FastBit: Digging through
databases faster
(page 2 of 5)
Bitmap basics
A bitmap consists of a sequence of bits: 0s and 1s. Then, a set of bitmaps makes up a bitmap index. Typically, a bitmap index includes one bitmap for every value of an attribute. If you have a gender database of subjects, for example, it needs two bitmaps: one for female and one for male. It might look like this:
| Subject Gender | Female Bitmap | Male Bitmap |
|---|---|---|
In combination, the female bitmap (10001) and the male bitmap (01100) make up the bitmap index that represents the data for these five subjects.
In scientific databases, an attribute – say, temperature – could easily require hundreds or thousands of distinct values. To encode temperatures from 0 to 100 as integers, for instance, requires 101 bitmaps. Many more values might be used if temperatures are computed as floating-point values in a simulation, and the range of measurements can be far greater than 0 to 100. These databases, therefore, could have bitmaps containing millions or billions of 0s and 1s.
Consequently, some approaches put the raw data in bins. In the temperature example, the bins might be for temperatures of 0-5 degrees, 5-10, 10-15 and so on, which would reduce the number of bitmaps to 20. Such binning, though, reduces the accuracy of later analysis if only the index is used.
Unlike tree structures, however, bitmap indexes do not work well with databases that change frequently. A modification to a record might lead to changes in a number of different bitmaps. When the bitmaps are compressed, as they usually are, these changes could require a significant amount of work. On the other hand, updating the bitmap indexes after appending a larger number of records is typically more efficient than updating tree-based indexes.

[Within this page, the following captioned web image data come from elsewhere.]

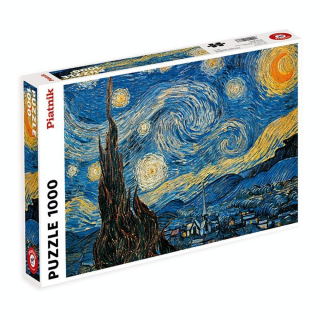 Puzzle 1000 pièces Van Gogh La nuit étoilée - Piatnik - Rougier et Plé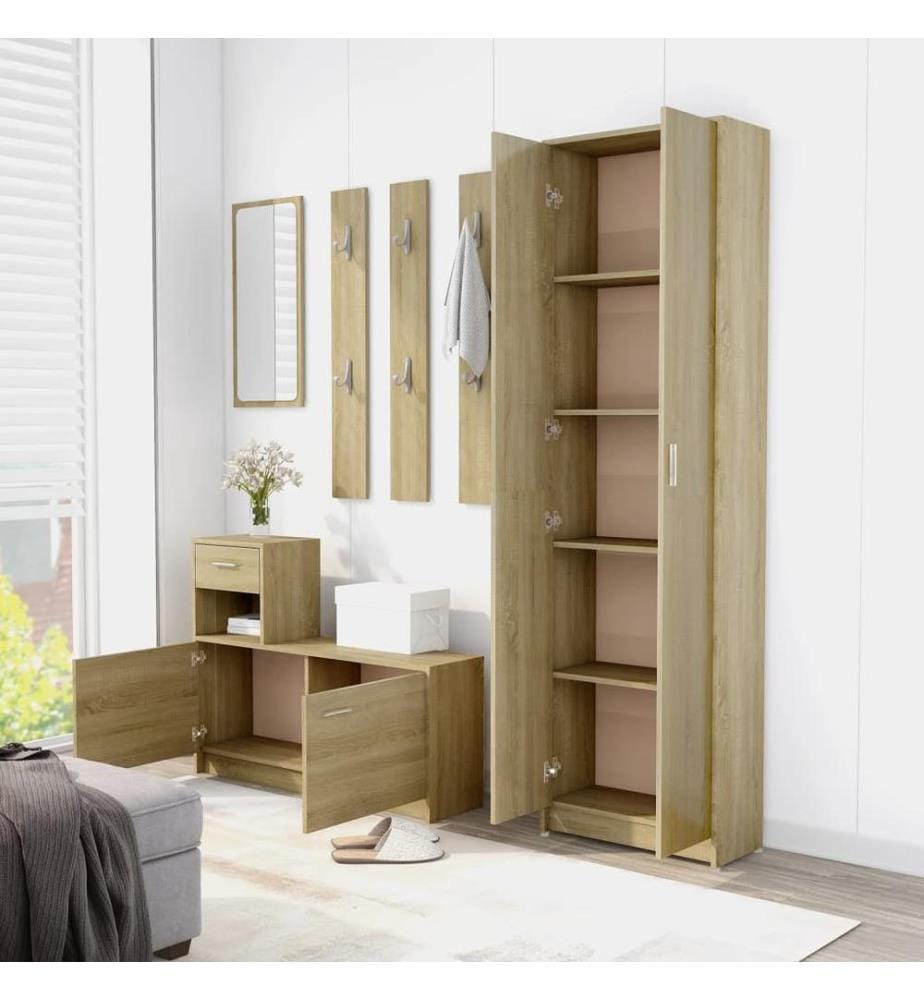 Garderobenschrank Sonoma-Eiche 55x25x189 cm Holzwerkstoff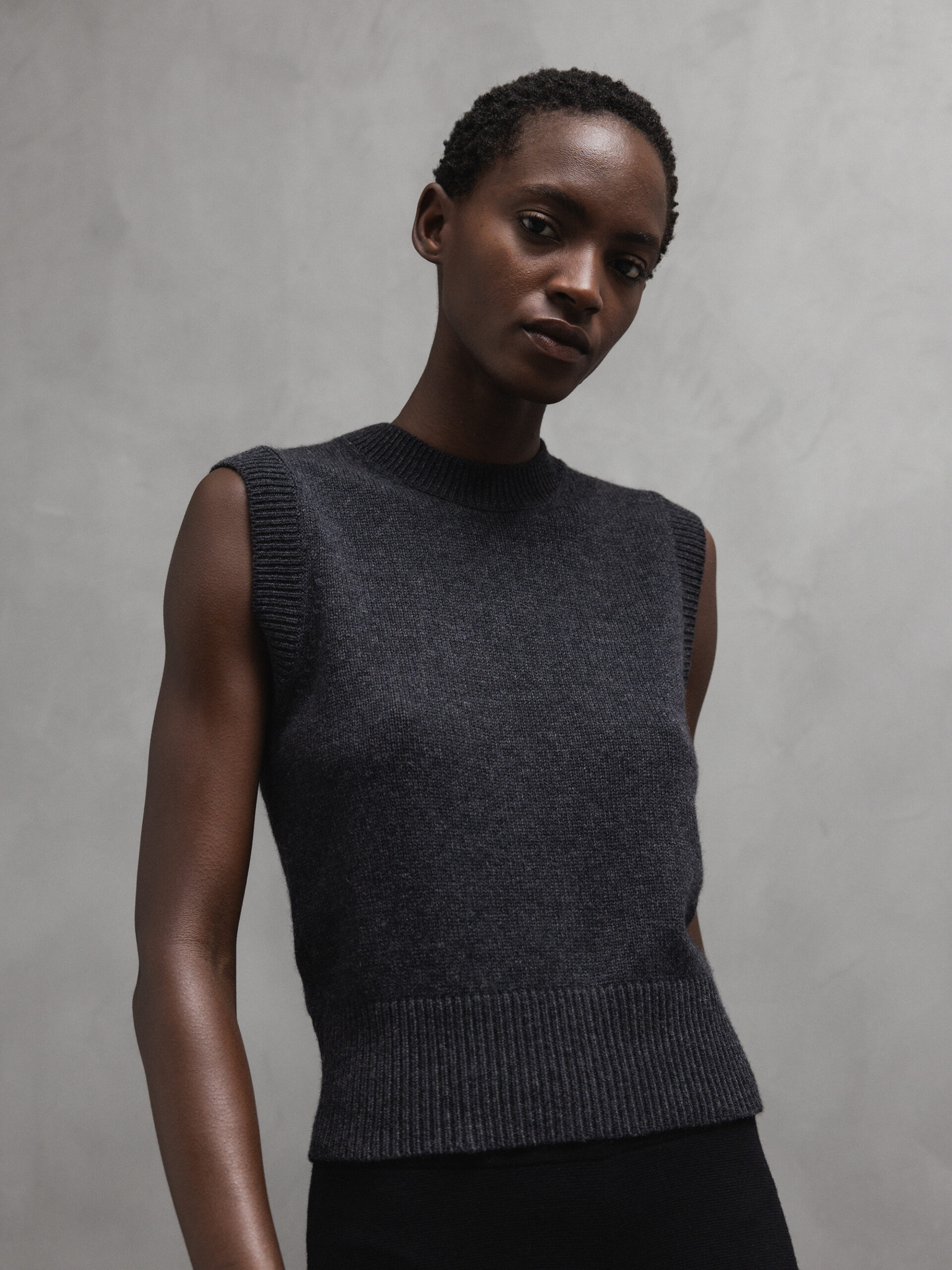 ALLUDE Pullunder aus Cashmere Damen (84 ANTHRA)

The example above also shows that bitmap indexes often contain many 0s, providing an avenue to significantly compress them. FastBit researchers found a way to specially compress the bitmaps, thus permitting more refined bins.
Building the index
A team of scientists – Wu, Shoshani and two LBNL scientists, Ekow Otoo and Kurt Stockinger – developed FastBit. To keep the size of FastBit manageable, it needed compressing. Wu and his colleagues tried a few approaches, including the byte-aligned bitmap code (BBC), which is used in Oracle.
But Wu and his colleagues saw a problem with using bytes. “Inside a computer, if you tell it to work with a byte, like with BBC, it pulls in an entire word and then extracts the byte. While byte alignment can be more compact, we thought we should use the word as the basic unit, and ensure that we do not break the word. That is the basic idea of word-aligned hybrid code, or WAH.”
It turns out that the feature of compressing the bitmaps without breaking the word boundaries greatly reduces the time needed to perform operations on the bitmaps, at a small cost of increasing the index size. That alone, however, wasn’t enough to achieve high search efficiency. The compression into words required a special selection of a word length.